North Korea rejects talks with South in Asean forum

North Korean Foreign Minister Ri Yong-ho, left, walks toward an escalator during ongoing meetings at the Philippine International Convention Center for the 50th ASEAN Foreign Ministers’ Meeting and Related Meetings in Manila, Philippines, Monday, Aug. 7, 2017. (Rolex Dela Pena/Pool Photo via AP)

SEOUL — North Korea rejected offers of talks from the South during a rare exchange between the two rivals’ foreign ministers, Seoul’s Yonhap news agency reported on Monday, after the United Nations imposed a new round of sanctions on nuclear-armed Pyongyang.

News of the brief encounter on the sidelines of a regional forum in Manila came as South’s President Moon Jae-in, in a telephone conversation with US President Donald Trump, urged a “peaceful resolution” to the tensions.

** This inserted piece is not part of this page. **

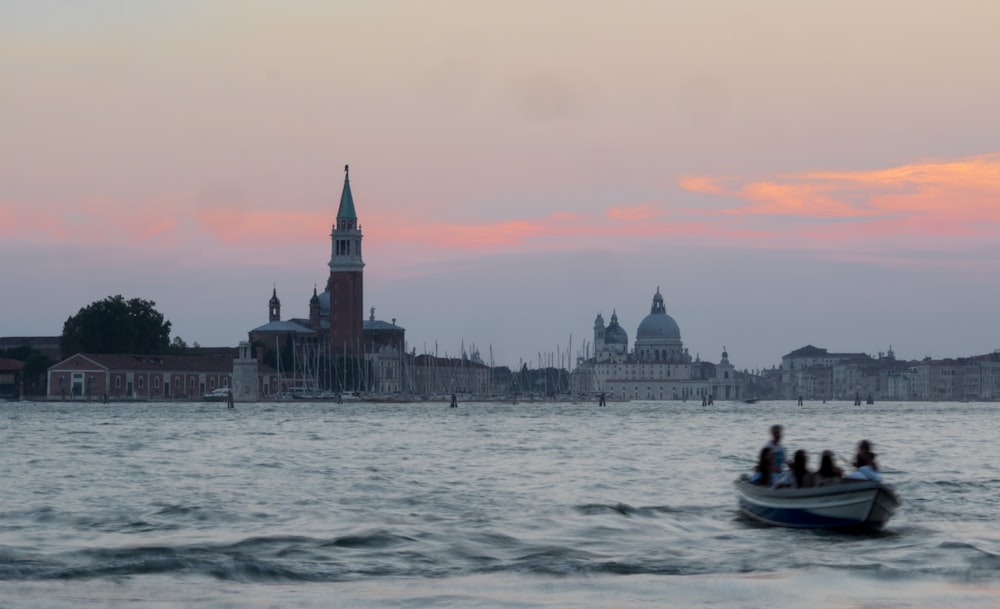 people riding on boat on water near city buildings during daytime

Even a conventional conflict on the peninsula could cost a million dead or wounded within months, estimates say.

Moon told Trump that the South “cannot let another war to break out” on the peninsula after the 1950-53 Korean War that sealed the division of the two Koreas, the presidential Blue House said in a statement.

The South’s Foreign Minister Kang Kyung-wha shook hands with her Northern counterpart Ri Yong-ho ahead of an Association of Southeast Asian Nations (Asean) Regional Forum dinner on Sunday, Yonhap said.

‘Accept Seoul’s offers’

Kang urged Ri to accept Seoul’s offers of military talks to lower tensions on the divided peninsula, and for discussions on a new round of reunions for divided families.

But Ri retorted: “Given the current situation in which the South collaborates with the US to heap pressure on the North, such proposals lacked sincerity,” the unnamed official was quoted as saying.

Kang reiterated again “the South’s sincerity” and repeated a call for Pyongyang to come forward for talks, the official said.

It was the first time Cabinet-level officials from the two Koreas had met since Moon—who urged engagement with the North as well as sanctions to bring it to the negotiating table—took power in May.